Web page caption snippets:

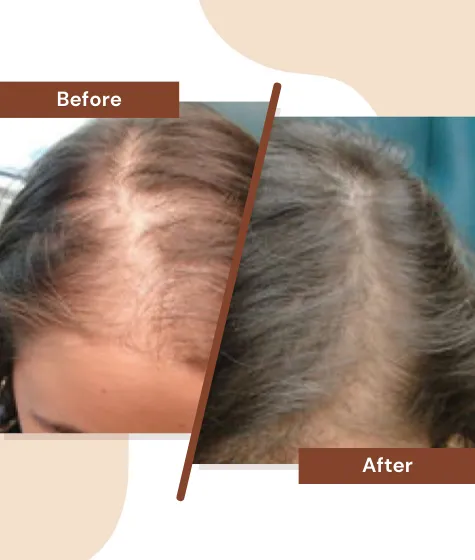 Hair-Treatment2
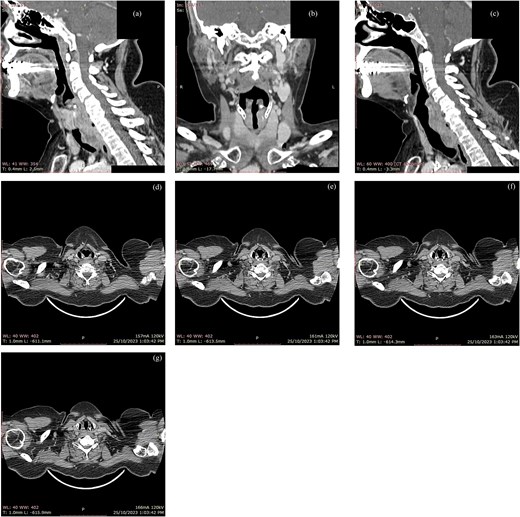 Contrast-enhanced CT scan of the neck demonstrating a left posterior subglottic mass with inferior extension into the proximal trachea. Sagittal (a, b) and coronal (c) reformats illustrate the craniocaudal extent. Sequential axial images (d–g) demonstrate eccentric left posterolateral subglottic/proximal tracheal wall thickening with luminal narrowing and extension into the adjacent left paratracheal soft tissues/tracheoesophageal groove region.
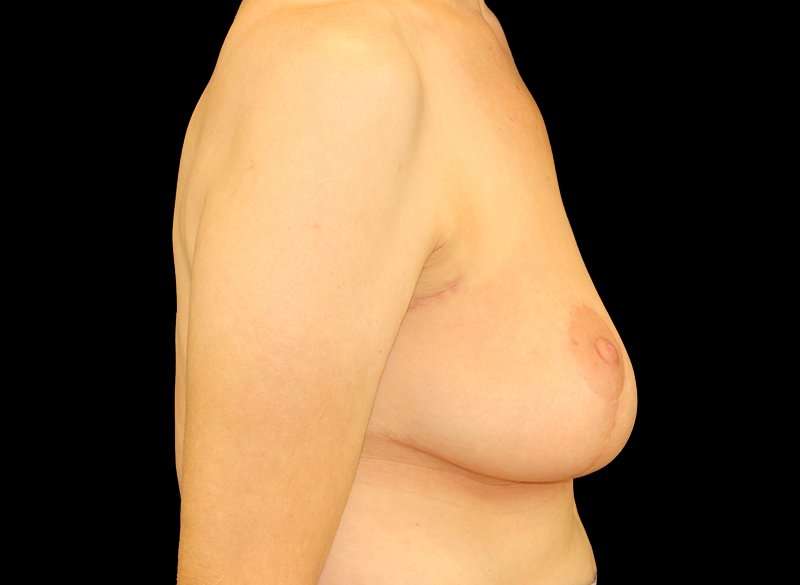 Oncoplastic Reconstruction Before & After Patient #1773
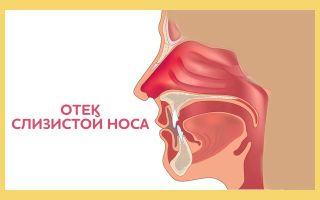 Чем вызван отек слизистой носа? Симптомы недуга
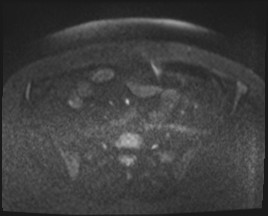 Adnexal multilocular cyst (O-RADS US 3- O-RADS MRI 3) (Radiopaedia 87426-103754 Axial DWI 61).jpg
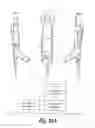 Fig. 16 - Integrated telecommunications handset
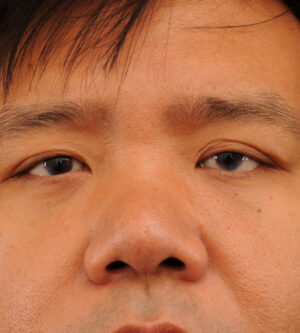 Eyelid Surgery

__The task__:
What you set down should be exactly the lines from the line containing "Contrast-enhanced CT scan" to the last line of the entries above, both included, with no pictures.

__Task result__:
 Contrast-enhanced CT scan of the neck demonstrating a left posterior subglottic mass with inferior extension into the proximal trachea. Sagittal (a, b) and coronal (c) reformats illustrate the craniocaudal extent. Sequential axial images (d–g) demonstrate eccentric left posterolateral subglottic/proximal tracheal wall thickening with luminal narrowing and extension into the adjacent left paratracheal soft tissues/tracheoesophageal groove region.
 Oncoplastic Reconstruction Before & After Patient #1773
 Чем вызван отек слизистой носа? Симптомы недуга
 Adnexal multilocular cyst (O-RADS US 3- O-RADS MRI 3) (Radiopaedia 87426-103754 Axial DWI 61).jpg
 Fig. 16 - Integrated telecommunications handset
 Eyelid Surgery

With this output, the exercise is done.